-- Supplied information follows --
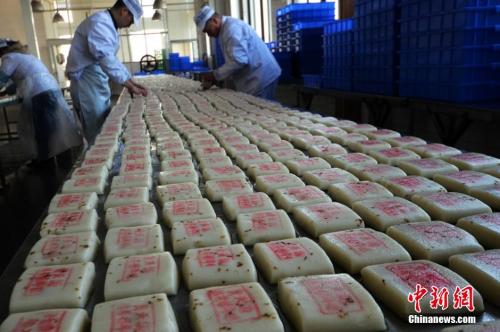 資料圖：師傅們在把制作好的桂花糖年糕擺放整齊。王思哲 攝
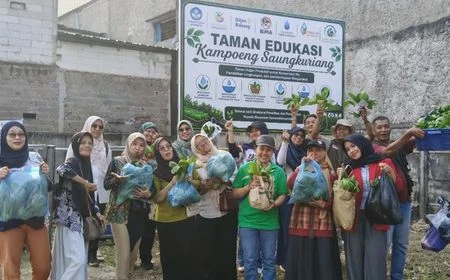 Lahan Sempit Tak Jadi Halangan! Taman Hujan Produktif Sulap Genangan Jadi Sayuran Segar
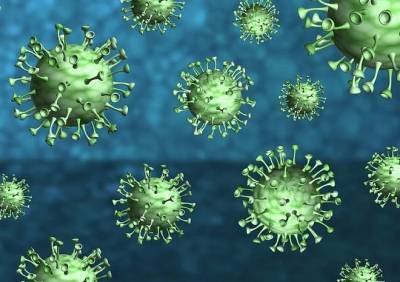 Люди, переболевшие ОРВИ, могут иметь иммунитет к коронавирусу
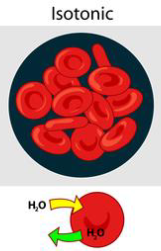 <p>Isotonic Solution</p>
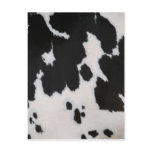 Cow fur postcards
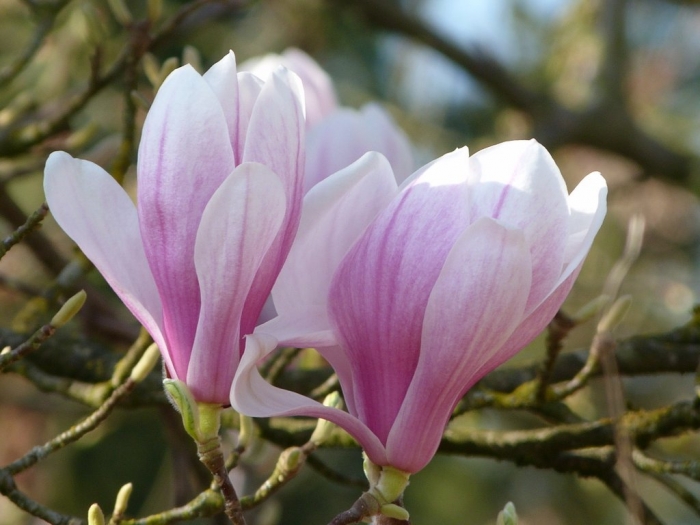 Magnolien
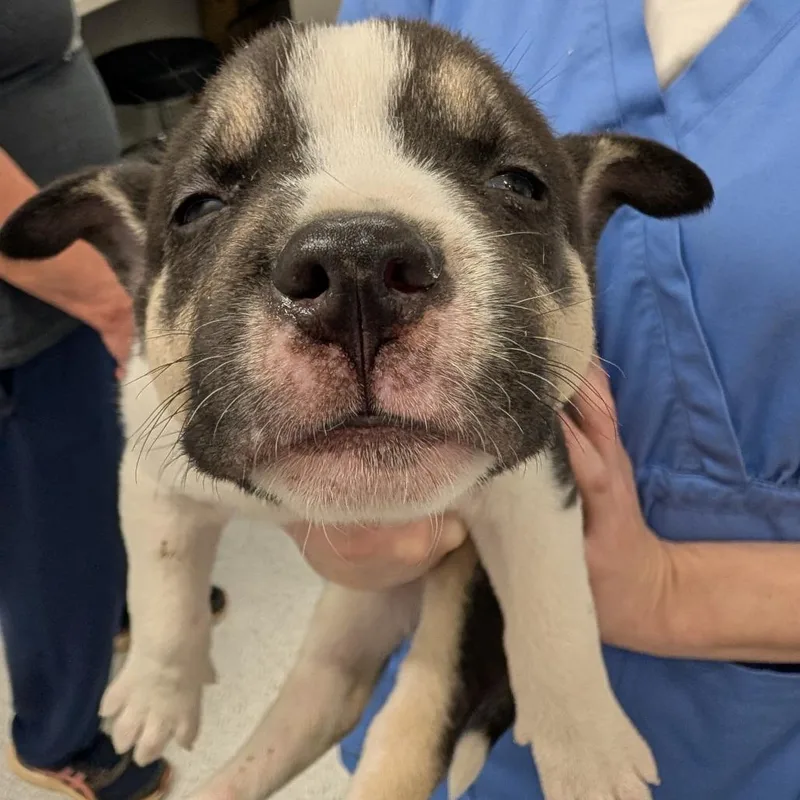 A baby small-sized male Black Husky dog named Pickles for adoption in Winston Salem, NC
-- Supplied information concluded --
Problem to work on: With the pictures excluded, restate word for word each line from the one that contains "Cow fur postcards" through the last line of the listing above.

Exercise result:
 Cow fur postcards
 Magnolien
 A baby small-sized male Black Husky dog named Pickles for adoption in Winston Salem, NC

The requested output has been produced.